Yes, for example epsilon(x). As a user I would not want the compiler to warn me here. But I think a compiler can figure this out correctly when the value of x is needed, and when not.

Regarding undefine x, can you give a short example that you have in mind? So far I couldn’t figure out one where the compiler couldn’t (in principle) figure out how to optimize equally well without it.

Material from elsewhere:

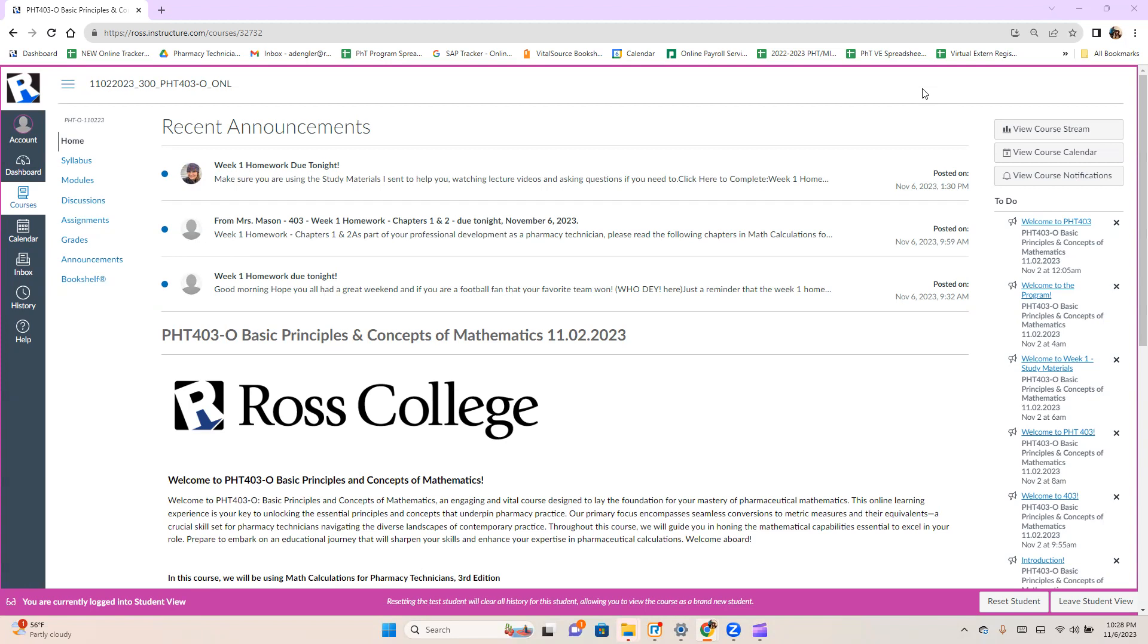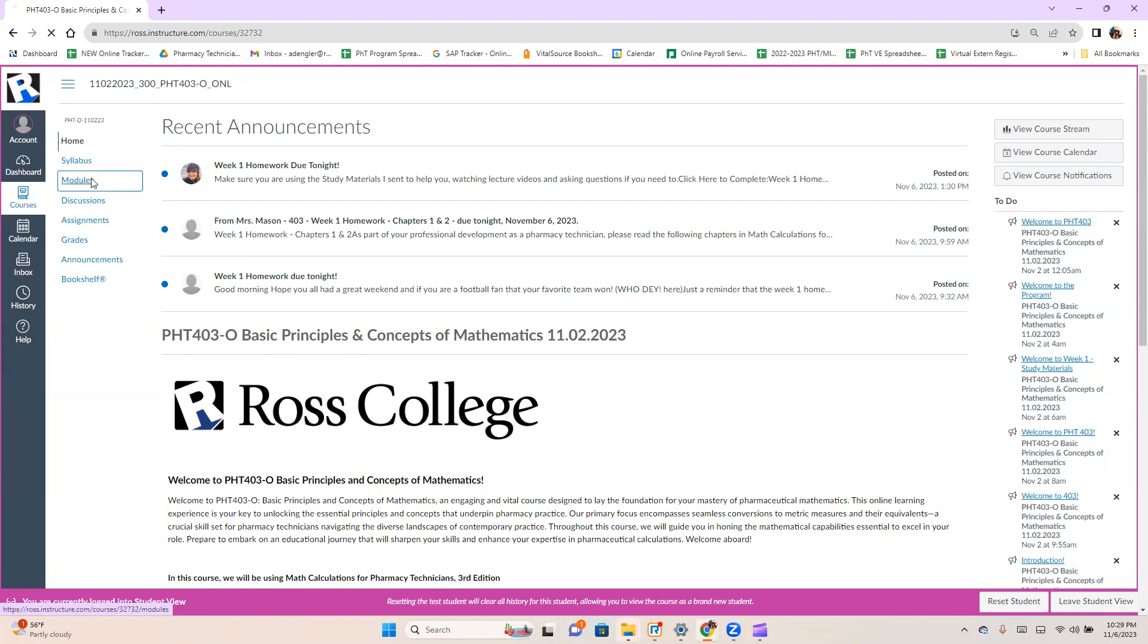All you need to do is make sure you're in Canvas and go to the course that you're currently taking. Go down to modules.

It is syntactic sugar, as I admitted. The intention is to alert the compiler that it is profitable to note the fact of undefinition in its analysis. Original FORTRAN, after all, had FREQUENCY statement. Most compilers I try are supremely uninterested in the undefinition of INTENT(OUT) variables and produce code that is difficult to make sense of.

Program akimbo
  Implicit None
  Real :: rnd
  Integer :: az, xw, h

  Call RANDOM_NUMBER(rnd)
  h = INT(700*rnd)
  xw = 42
  Call test(az, xw)
  Print '(I12)',xw
Contains
  Subroutine test(a, x)
    Integer, Intent (Out) :: a
    Integer, Intent (Inout) :: x

    If (even(h+1)) a = 666
    If (even(h)) x = a
  End Subroutine
  Logical Pure Function even(h)
    Integer, Intent (In) :: h

    even = MOD(h, 2) == 0
  End Function
End Program

It is correct to produce the same program as

Print '(10X,"42")'; End
1 Like

@certik said “I think you never want an uninitialized variable in a code” but this 4-line program does something useful with its uninitialized x. These compilers compiled and ran it: gfortran, AMD flang, ifx, ifort, lfortran, and g95, which warned that x was used but not set.

  implicit none
  real x
  print *,huge(x)
end program

@Harper yes, your example is the same as my comment above about this exact case.